In order to fully solve the problem, since the Schrödinger equation is a differential equation, you need to set boundary conditions. The choice of boundary conditions is important for "small" systems, but it plays no significant role for "big" systems (that is, in the thermodynamic limit). The imposition of boundary conditions results in the quantization of momentum, and you'll usually find that you have as many allowed quantum states as sites in the lattice (if you allow only one electron per site, and neglecting the spin). For periodic boundary conditions, the allowed states are given by:
\begin{equation}
k_n=\frac{2\pi n}{L}
\end{equation}
where L is the length of the system and n an arbitrary integer. Note that this implies that the electrons can't take any value of energy, but only those corresponding to a $k_n$ (energy is quantized). One can notice that the separation in wave-number between two "adjacent" states (that is, a state for a given n and the state for n+1) will be then
\begin{equation}
\Delta k=k_{n+1}-k_n=\frac{2\pi}{L}
\end{equation}
To count the number of states N, per unit length, you can do the following sum:
\begin{equation}
\frac{N}{L}=\frac{1}{L}\sum_{k} 1=\frac{1}{L}\sum_{k} \frac{\Delta k}{\frac{2\pi}{L}}=\frac{1}{2\pi}\sum_{k} \Delta k
\end{equation}
Being able to do sums over the states is really useful in solid state physics to calculate average values and thermodynamical quantities through a statistical mechanics approach.

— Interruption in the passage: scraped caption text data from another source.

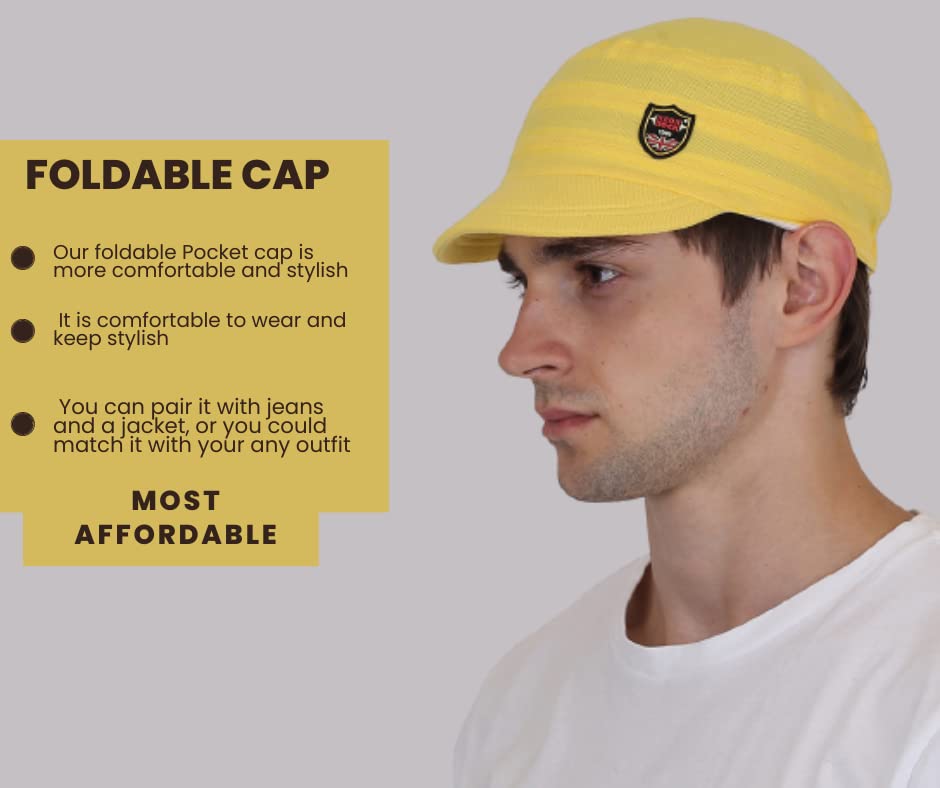 Men and Women Foldable Cotton Pocket Cap for All Sports and Outdoor Activities Yellow image 3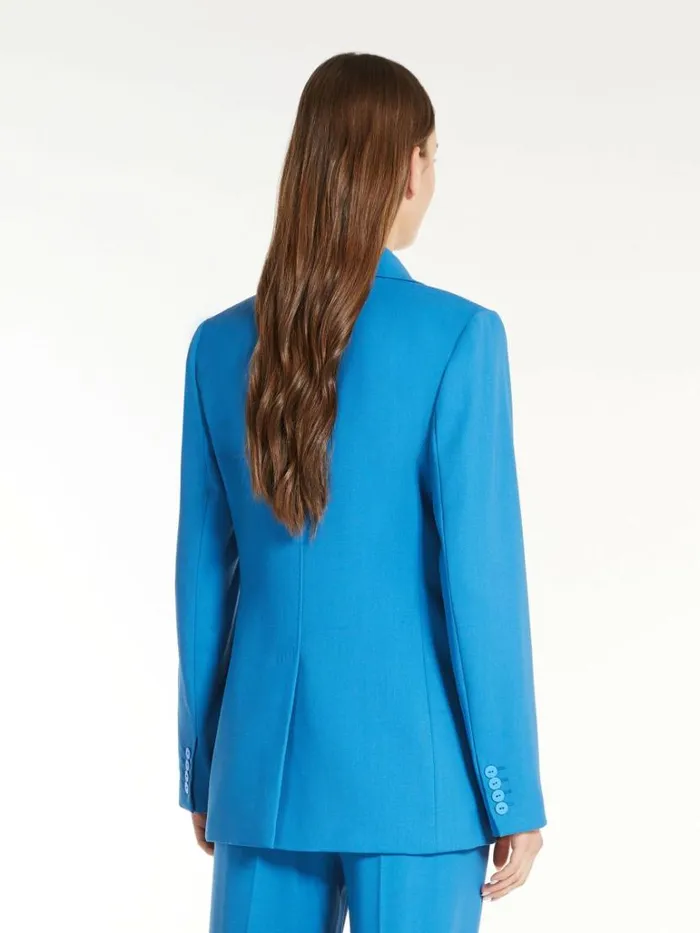 Women Max Mara Suit Singlebreasted Wool Crepe Blazer Blue Azure
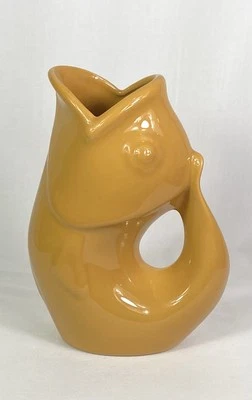2006 Gurgle Pot Mustard Gurgle Pitcher 9 1/2" - 42 Ounces - Perfect! - Image 1 of 4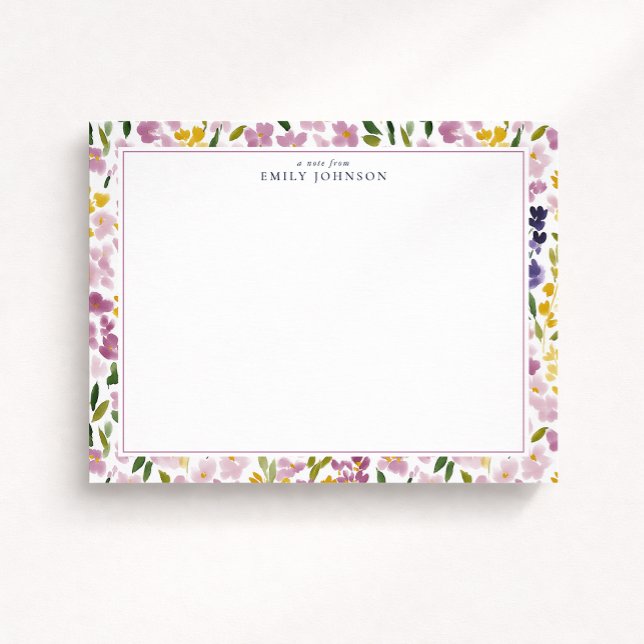 Convite Spring Floral Border Note Card (Criador carregado)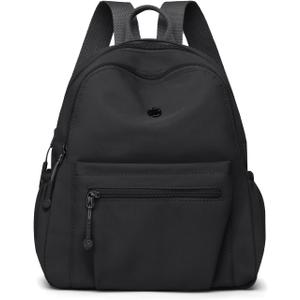Tanweibago Mini Nylon Women Backpacks,11L Small Ladies backpacks Casual Lightweight Women Shopping Travel Daypack (Z-Black)
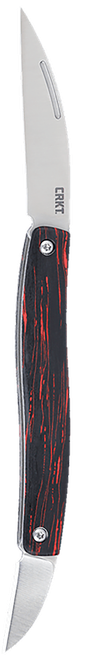 CRKT Forebear Slip Joint Knife, 2.29" and 1.06" Satin 12C27 Blades, Black and Red G10 Handle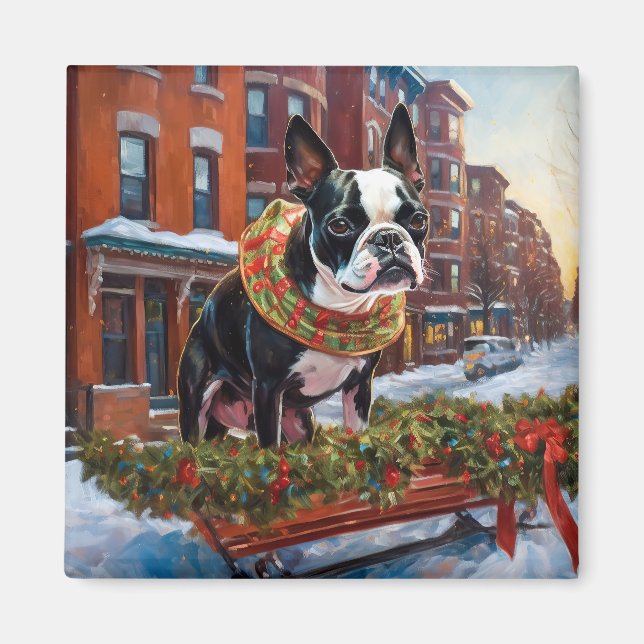 Boston Terrier Weihnachtsfeiertage Magnet (Vorne)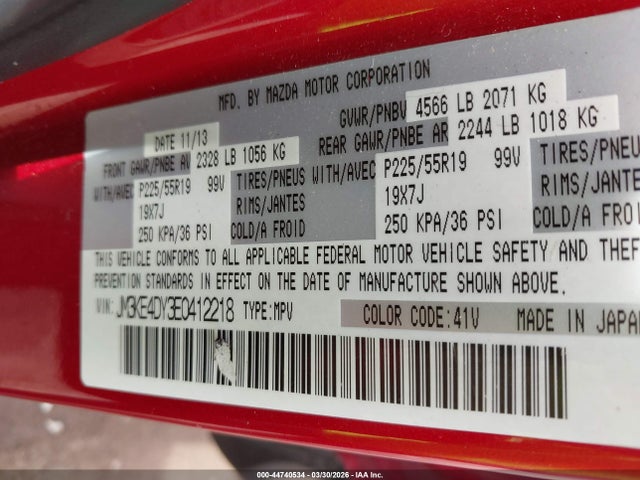 Aukcja sprzedaży 2014 Mazda Cx-5 Grand Touring, vin: JM3KE4DY3E0412218, numer aukcji: 44740534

Now comes the important part: when you take the thermodynamic limit ($L\rightarrow \infty$), the separation $\Delta k$ becomes infinitely small, which implies that the possible values for the energy become continuous, and that you have to replace the sum over discrete states by an integral over the (now continuous) values of k:
\begin{equation}
\sum_{k} \Delta k \rightarrow \int dk
\end{equation}
so:
\begin{equation}
\frac{1}{L}\sum_{k} 1=\frac{1}{2\pi}\int dk
\end{equation}
If you do the same analysis in the three dimensional case (by the way, you can do it for d dimensions), you have to replace L by V and more $2\pi$ factors appear. The systematic way of taking this limit is then by replacing the sums by integrals in your calculations in the following way:
\begin{equation}
\frac{1}{V}\sum_{k} \rightarrow \frac{1}{(2\pi)^3}\int dk
\end{equation}
While it is true than in reality you will never have $L\rightarrow \infty$, you can consider that you have entered this regime when $\frac{L}{a}>>1$. For two atoms, this will never be the case since L=a by definition (the size L of your system is the distance between the atoms a), but considering the typical interatomic distances, which are of the order of Angstroms or nanometers, a sample of a few micrometers can already be treated by this approach.